Let \(A_k\) be the event that the first crossing of level \(\alpha\) by \(|S_j|\) occurs at time \(k\), i.e., \[ A_k=\{\omega\in \Omega: |S_k(\omega)|\ge \alpha,\mbox{ } |S_j(\omega)|<\alpha, \mbox{ }\mbox{ }j=1,\ldots,k-1\}\in \sigma(X_1,\ldots,X_k), \] and let \[ A=\left\{\max_{1\le j\le n}\{|S_j|\ge \alpha\} \right\}= \biguplus_{k=1}^n A_k. \]
Then, \[\begin{eqnarray*} \text{Var}(S_n)=E(S_n^2)&\ge&\int_A S_n^2\mbox{ }dP=\sum_{k=1}^n \int_{A_k}S_n^2\mbox{ }dP\\ &=& \sum_{k=1}^n\int_{A_k}[S_k+(S_n-S_k)]^2\mbox{ }dP =\sum_{k=1}^n\int_{A_k}[S_k^2+2S_k(S_n-S_k)+(S_n-S_k)^2]\mbox{ }dP\\ &\ge& \sum_{k=1}^n\int_{A_k}[S_k^2+2S_k(S_n-S_k)]\mbox{ }dP=\sum_{k=1}^n\int_{A_k}S_k^2\mbox{ }dP+ 2\sum_{k=1}^n\int_{A_k}S_n(S_n-S_k)\mbox{ }dP. \end{eqnarray*}\] But, \(S_nI_{A_k}=I_{A_k}\sum_{i=1}^kX_i\) is a measurable function of \(X_1,\ldots,X_k\), and \(S_n-S_k\sum_{i=k+1}^n X_i\) is a measurable function of \(X_{k+1}\ldots,X_n\). So, \(S_kI_{A_k}\) and \(S_n-S_k\) are independent random variables.
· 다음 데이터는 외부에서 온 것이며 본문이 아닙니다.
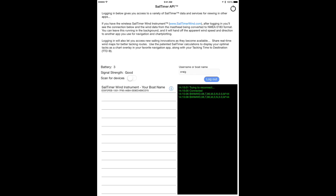The wind instrument sends data every second, which is twice as fast as in our previous wireless anemometer.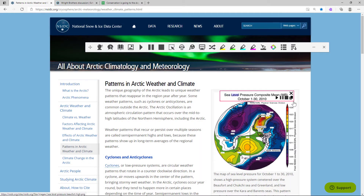See level pressure composite mean, MB, October 1st to 30th, 2010. Additional playback controls are available in the screenshot reader box, as well as an option to copy the text to your clipboard.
Both are also in \(L^2\), and thus \[ \int_{A_k}S_n(S_n-S_k)\mbox{ }dP= E[(S_kI_{A_k})(S_n-S_k)]=E[S_kI_{A_k}]E[S_n-S_k]=0 \mbox{ }\mbox{ }\mbox{ }(\because E[S_n-S_k]=0). \] Therefore, \[ \text{Var}(S_n)\ge \sum_{k=1}^n\int_{A_k}S_k^2\mbox{ }dP\stackrel{\text{Def}}{\ge} \sum_{k=1}^n\int_{A_k}\alpha^2\mbox{ }d= \alpha^2 \sum_{k=1}^nP(A_k)=\alpha^2 P(A)\implies P(A)\le \frac{1}{\alpha^2}\text{Var}(S_n). \]
중요(조건을 잘 기억하자)
If \(X_1,\ldots,X_n\) are independent random variables, then for any \(\alpha>0\), \[
P(\max_{1\le j\le n}|S_j|\ge 3\alpha)\le 3\max_{1\le j\le n}P(|S_j|\ge \alpha)
\]
증명 : Let \[ B_k=\{\omega\in \Omega: |S_k(\omega)|\ge 3\alpha,\mbox{ } |S_j(\omega)|<3\alpha, \mbox{ }\mbox{ }j=1,\ldots,k-1\}\in \sigma(X_1,\ldots,X_k), k=1,\ldots,n \] Then, \(B_1,\ldots B_n\) are disjoint and \[\begin{eqnarray*} \left\{ \max_{1\le j\le n} |S_j|\ge 3\alpha \right\}&=&\left\{ |S_n|\ge \alpha,\max_{1\le j\le n}|S_j|\ge 3\alpha\right\}\uplus \left\{ |S_n|< \alpha,\max_{1\le j\le n}|S_j|\ge 3\alpha \right\}\\ &=& \left\{ |S_n|\ge \alpha\right\}\uplus \left\{ |S_n|< \alpha,\mbox{ }\biguplus_{k=1}^{n-1} B_k \right\} \mbox{ }\mbox{ }(\mbox{n번째는 공집합이다.})\\ &=&\left\{ |S_n|\ge \alpha\right\}\uplus \left\{\biguplus_{k=1}^{n-1}B_k\cap\{|S_n|< \alpha\} \right\}\\ &\subset&\left\{ |S_n|\ge \alpha\right\}\uplus \left\{\biguplus_{k=1}^{n-1} \left(B_k\cap\{|S_n-S_k|>2\alpha \}\right)\right\}. \end{eqnarray*}\]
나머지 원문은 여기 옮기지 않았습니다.